Who is responsible for providing a translation?

All economic actors (manufacturers, importers, distributors and agents) are responsible for providing product user information in the language of the country in which the product is placed on the market.


The aim of this legislation is to ensure that, if one or more economic actors do not meet this requirement, other economic actors can ensure this requirement is met. So if (for example) the product manufacturer does not supply any user information, the importer or distributor must step in. The importer and distributor have the option to refrain from placing the product on the market if they do not wish to produce any user information, or to produce user information at their own expense – in the correct language, of course.



Who is liable for errors in technical documentation?

In principle, the product manufacturer is liable – but not solely – for errors in technical documentation. A typical example of technical documentation is the instructions for a machine. If these instructions are not available, incomplete, incorrect or not translated into the relevant language, the machine (!) is defective. In Austria and Germany, this is due to the Austrian Product Liability Act (PHG) and the German Product Liability Act (ProdHaftG) respectively. These acts inextricably link products with the associated user information by establishing that a product is defective if it does not ensure the safety which could reasonably be expected when taking all circumstances into account, e.g. with regard to the presentation of the product. Here, “presentation” means the instructions. If the instructions do not meet safety requirements as far as can reasonably be expected, the product, in this case the machine, is defective.
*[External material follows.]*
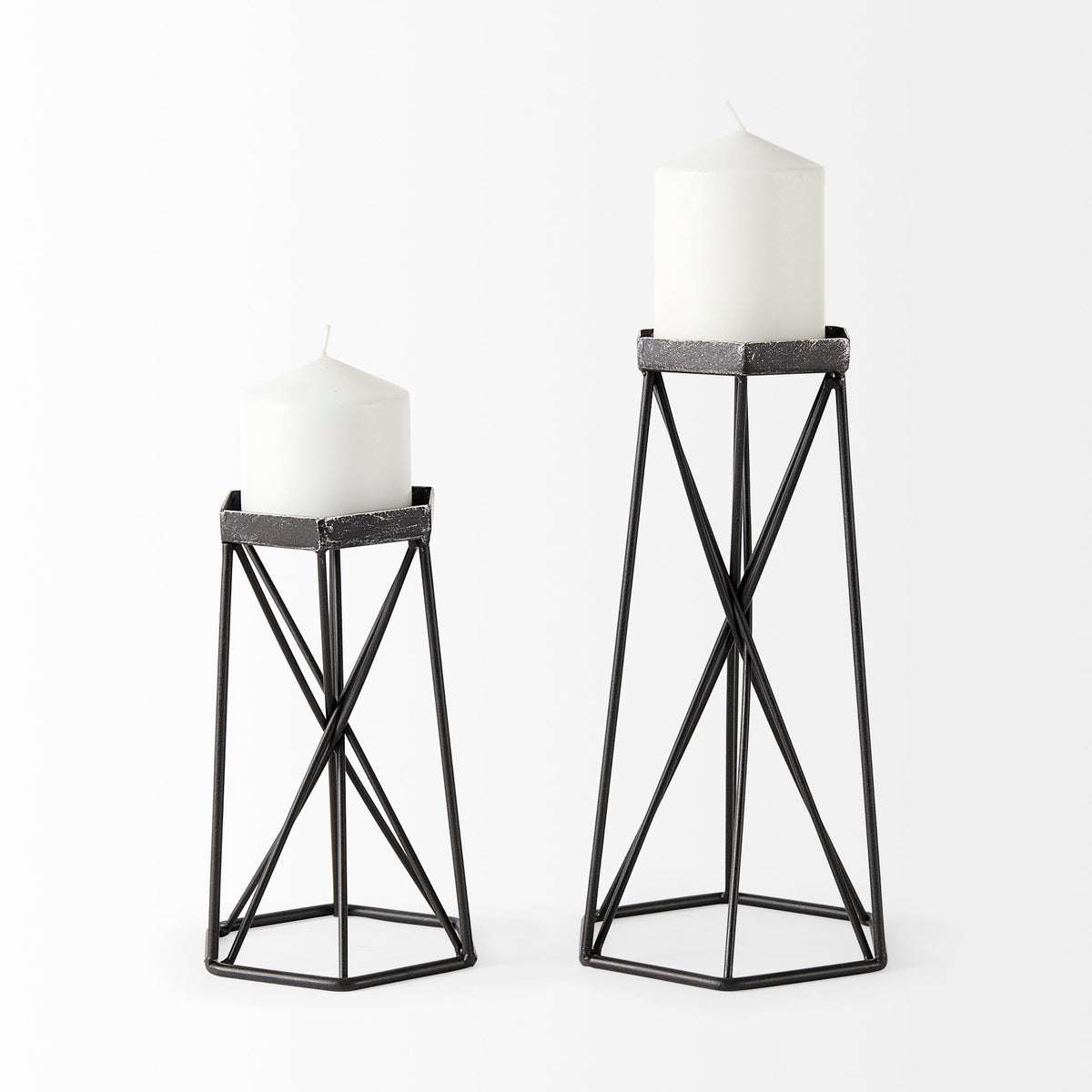 Sixx I Small Antiqued Metal Hexagonal Table Candle Holder-Table Candle Holders-DECOROLALA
Both the PHG and the ProdHaftG make manufacturers liable for damage, e.g. death, injury or damage to health, caused by a defective product. They are the national implementations of the European directive 85/374/EEC concerning liability for defective products.
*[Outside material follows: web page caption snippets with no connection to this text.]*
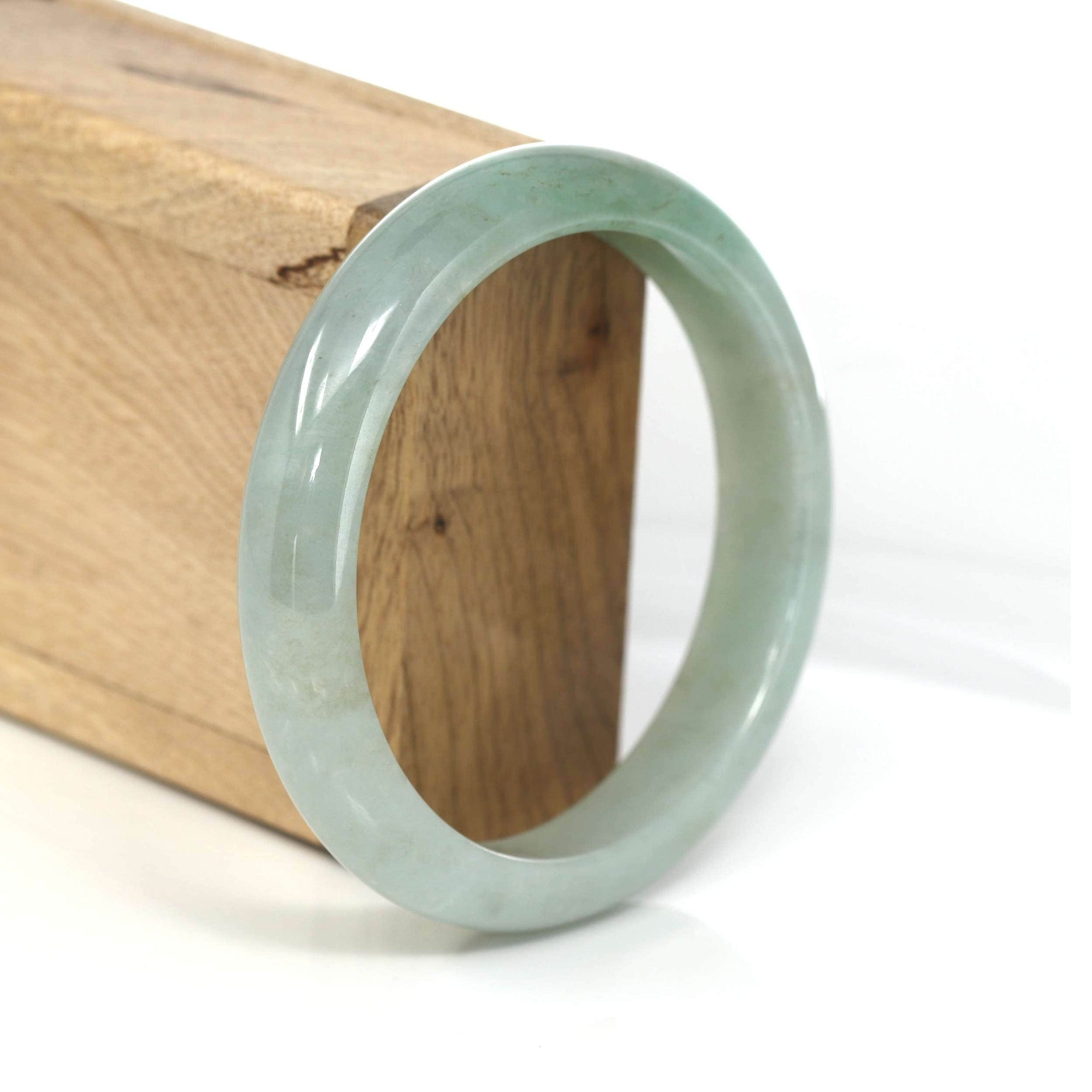 Baikalla Jewelry Jade Bangle Genuine Burmese Green Jadeite Jade Bangle Bracelet (60.51 mm) #551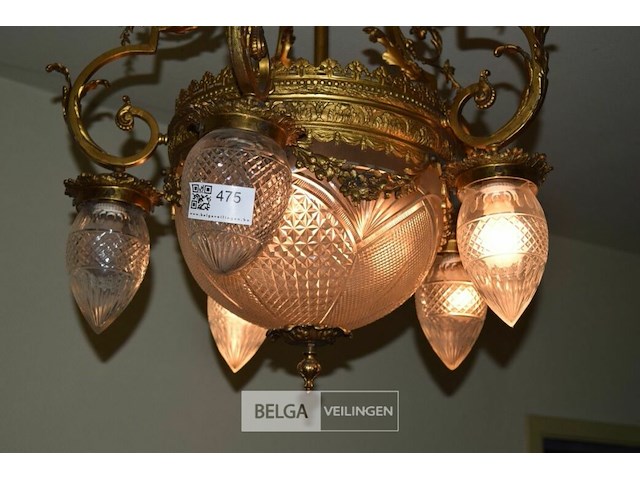 Bronzen kroonluchter met geetse glazen - afbeelding 2 van  3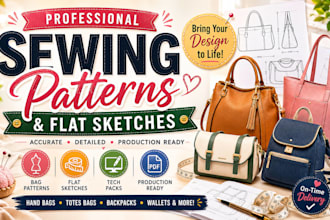 create digital bag sewing pattern design, grading, tech pack and flat sketches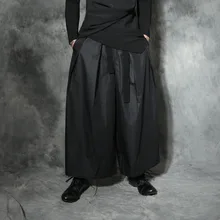 Индивидуальные Новые Модные осенние темно-панковские волнистые Мужские штаны-шаровары японские повседневные штаны стильные костюмы с кюлотами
Who can be made liable for translation errors?

The answer to this follows on from the previous question. If the instructions for a machine contain translation errors which mean that the machine does not meet safety requirements as far as can reasonably be expected, in the event of damage the machine manufacturer can be made liable – though not solely – as a result of this inextricable link between the product and its user information.
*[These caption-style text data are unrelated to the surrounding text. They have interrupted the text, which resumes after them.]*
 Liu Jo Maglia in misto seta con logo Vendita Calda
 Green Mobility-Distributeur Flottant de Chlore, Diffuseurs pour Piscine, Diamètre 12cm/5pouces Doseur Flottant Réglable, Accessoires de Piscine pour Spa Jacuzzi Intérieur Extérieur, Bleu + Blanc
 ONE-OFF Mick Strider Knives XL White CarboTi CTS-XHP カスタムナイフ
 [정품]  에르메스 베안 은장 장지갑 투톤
But of course this doesn’t mean translators can deliver any old rubbish and put their feet up. Although they will initially be left unscathed in the event of damage, as the injured party is not normally told who did the translation, the manufacturer will in all probability do everything they can to seek redress for the damages they may have had to pay the injured party. And the manufacturer has the option to seek this redress from their translation service provider.